On September 30, 1963, Lewis writes to Jane Douglass:
“Yes, autumn is really the best of the seasons: and I’m not sure that old age isn’t the best part of life. But of course, like Autumn, it doesn’t last!”
Lewis was approaching his 65th birthday (November 29) when he wrote this, hardly what we consider old today – at least hardly what I consider old! Yet, he seems to have felt old. Did the fact he considered himself, in many respects, a 19th Century man (though born in late 1898) contribute to this feeling?
During the last decade of his life he had known the highest of highs in his marriage to Joy Davidman and the lowest of lows in her death; he traveled through A Grief Observed, and in that journey while his heart was both broken and healed, his body was broken and was not to be healed.
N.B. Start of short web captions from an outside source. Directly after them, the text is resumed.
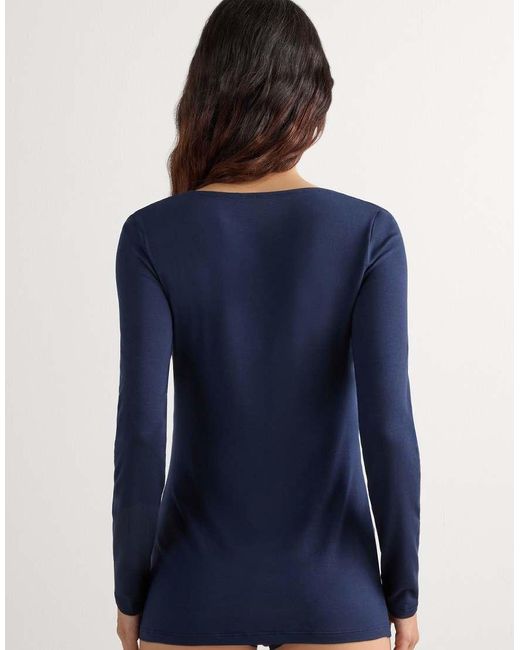 Intimissimi Blue Long-Sleeve Micromodal Scoop Neck Top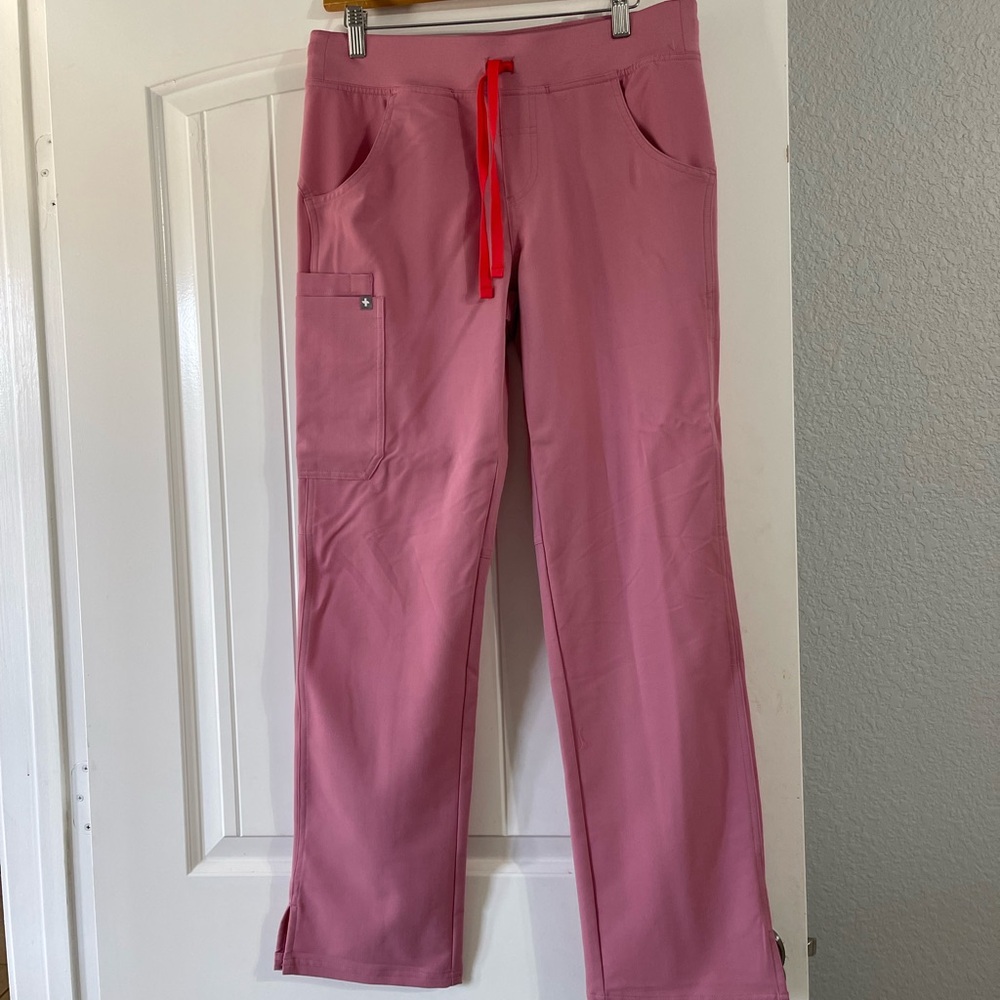Figs Pink Women's Pants with Red Drawstring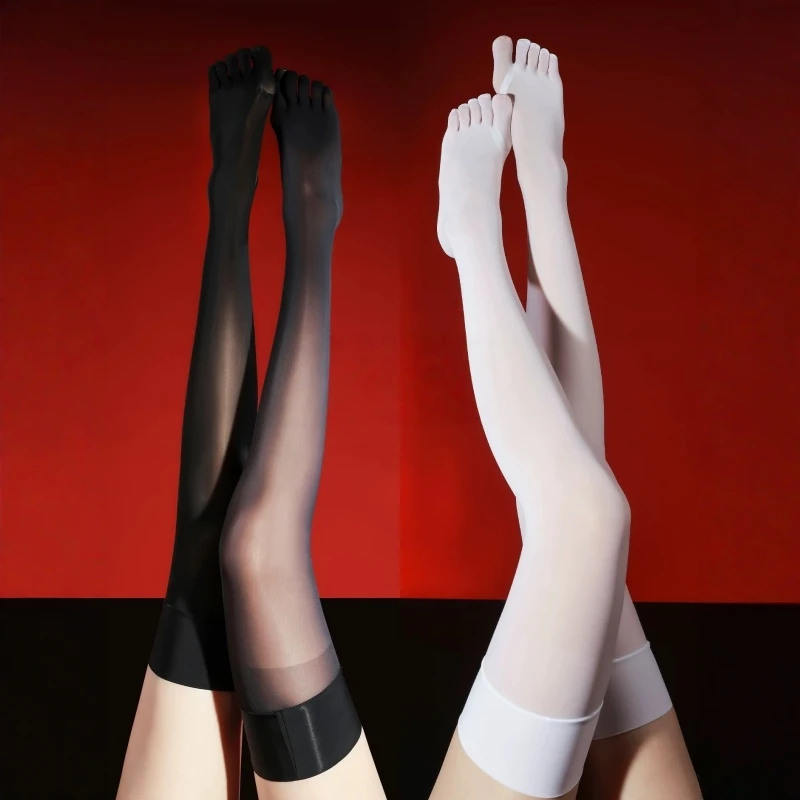 3 Pairs/Set Horse Oil Shiny Stretchy Nylon Thigh High Stockings Women Sexy 8D Ultra Thin Breathable Medias With Five Toes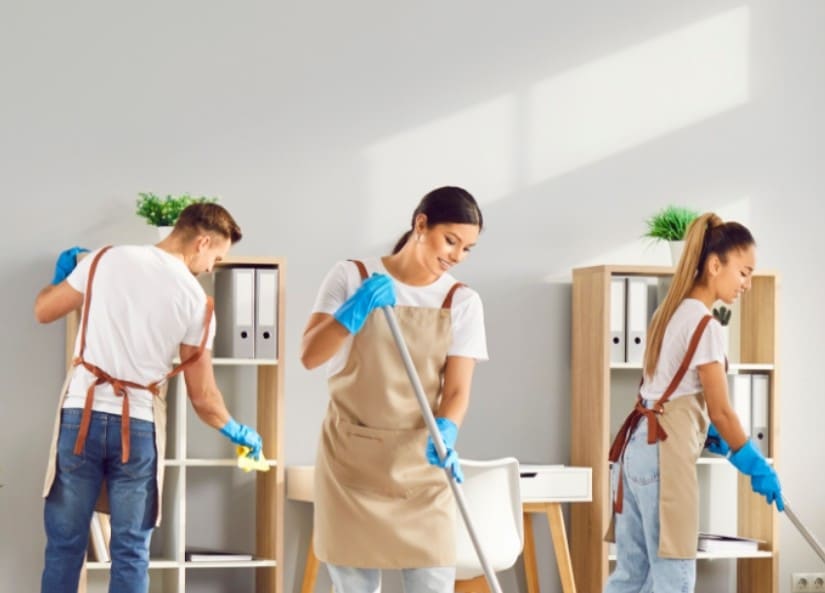 Team of professional cleaners wearing aprons and gloves cleaning modern office with mops and cloths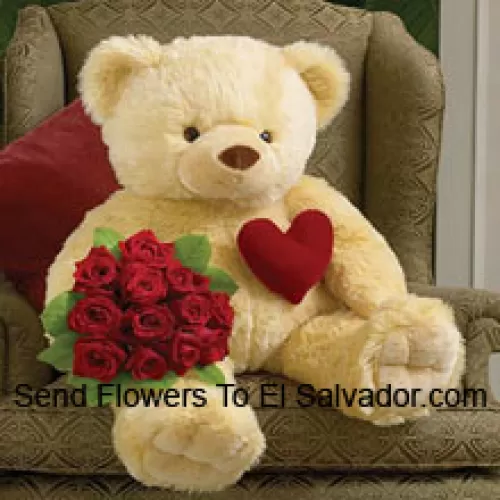 Bunch Of 12 Red Roses With A 32 Inches Tall Teddy Bear (Please Note That We Reserve The Right To Substitute The Teddy Bear With A Teddy Bear Of Equal Value And Size In Case Of Non-Availability Of The Same. Limited Stock. While Substituting The Product We Will Ensure That The Same Exclusivity Is Maintained)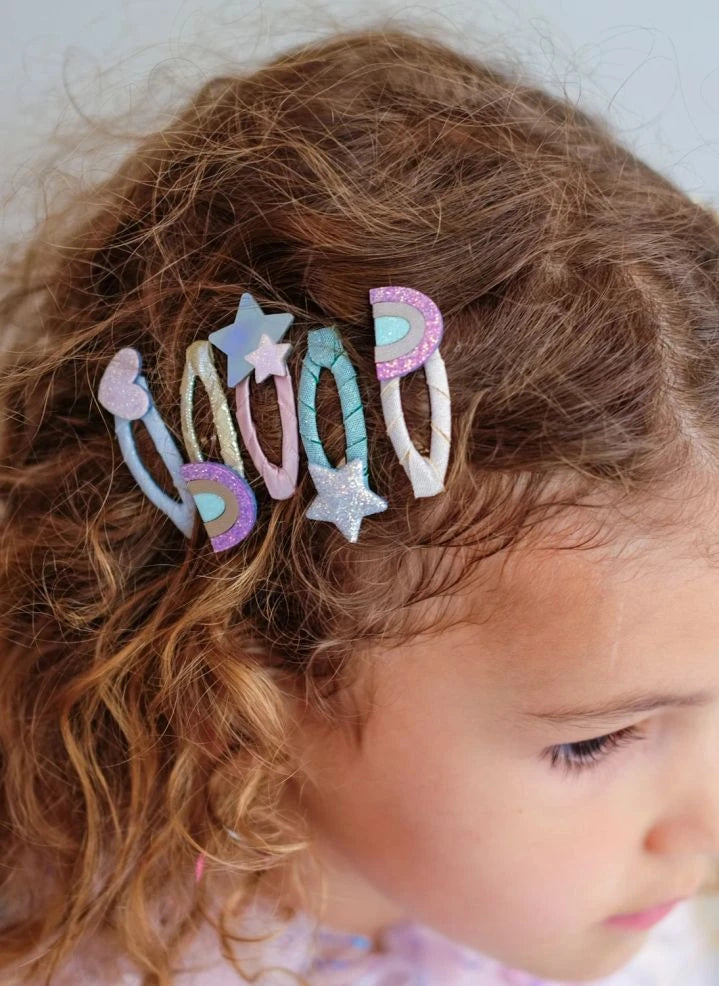 Mimi & Lula - Set of 5 Mini Rainbow Hair Clips | Light Pink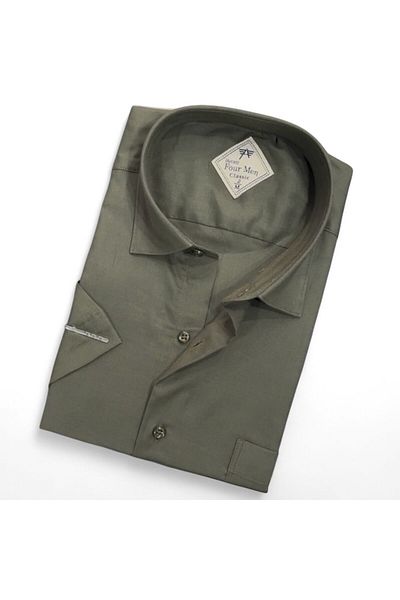 GÖMLEK GALERİSİ Men's Classic Relaxed Fit Straight Pocket Short Sleeve Shirt
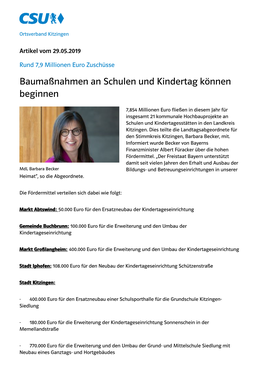 Landtagsabgeordnete Für Den Stimmkreis Kitzingen, Barbara Becker, Mit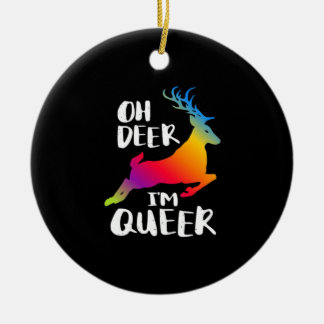 Oh Deer Queer Pride Minimal Artistic StyleOrnament Ceramic Ornament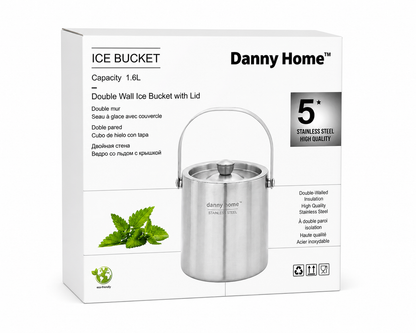 Danny Home Double Wall Ice Bucket with Lid - 1.6L Stainless Steel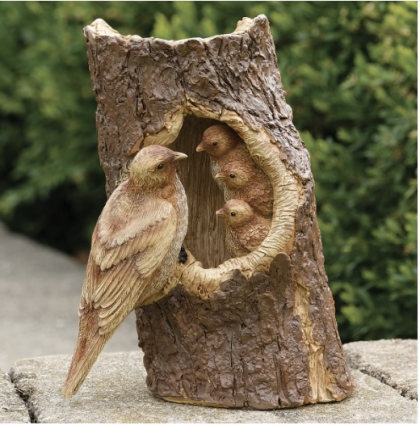 Mother Robin & Babies in Tree Trunk Garden Statue
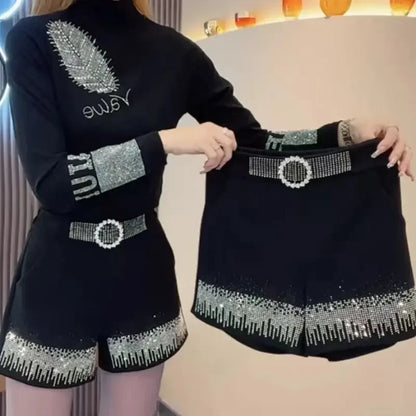 Women Korean Fashion Rhinestone Black High Waist Short Pants Autumn Winter Female Elegant Chic Pockets Slim Thick A-line Shorts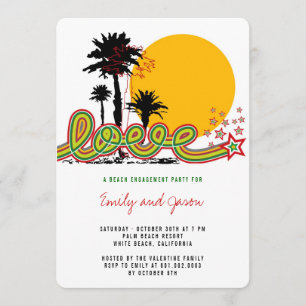 Tropical Love Palm Trees Engagement Invitation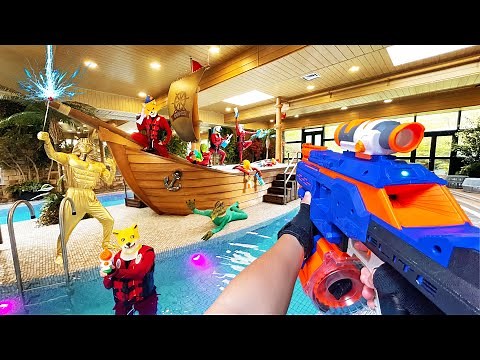Nerf War | Water Park & SPA Battle 18 (Nerf First Person Shooter)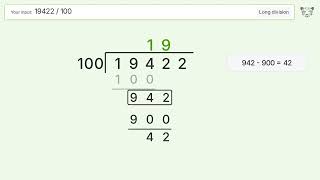 Long Division Problem 19422/100: Step-by-Step Video Solution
Regarding autumn being the best part of life, it’s too bad Western society doesn’t celebrate that fact; it’s too bad the church doesn’t celebrate that fact. I am finding Lewis’s observation to be true – the journey has never been better – the Sun never stronger – the breeze from the east never sweeter – the well of life in Christ never deeper or more refreshing – the land where the Emperor (The Voyage of the Dawn Treader) lives beyond the sea never surer.
[All excerpts from letters taken from The Collected Letters of C.S. Lewis, Walter Hooper editor, Harper San Francisco.]